In the project by University of Granada, scientists have used stars as particle physics labs: thanks to the high temperature inside stars, photons can turn into axions that escape to the exterior, carrying energy with them.
Results indicated that the emission of axions can significantly diminish the time for the central combustion of helium, the so called HB (Horizontal Branch) phase; the energy taken by axions was compensated with the energy provided by nuclear combustion, which leads to a much faster consumption of helium.
The high quality in the recent observation of globular clusters allows for the contrast between the results of the numerical observations conducted in this project with the actual data. By comparing the amount of stars observed in HB phase with the amount of stars watched in a different phase not affected by axions (such as the so called RGB, Red Giant Branch, phase) they have made an estimation about the maximum axion emission rate.

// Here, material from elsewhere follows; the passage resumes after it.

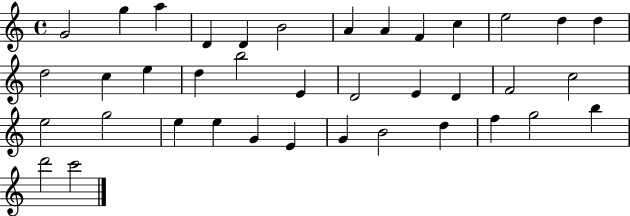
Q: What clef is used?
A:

The production of axions relies on the constant coupling of axion-photon which characterizes the interaction between axion and photons. They have obtained a maximum limit for this constant which was more restrictive than those established so far, both theoretically and through experiments.
The authors of this research pointed out that the accuracy in the determination of the coupling constant through the method used critically depends on the accuracy with which the initial helium content within the stars in the globular cluster can be estimated.
The study is published in the journal Physical Review Letters.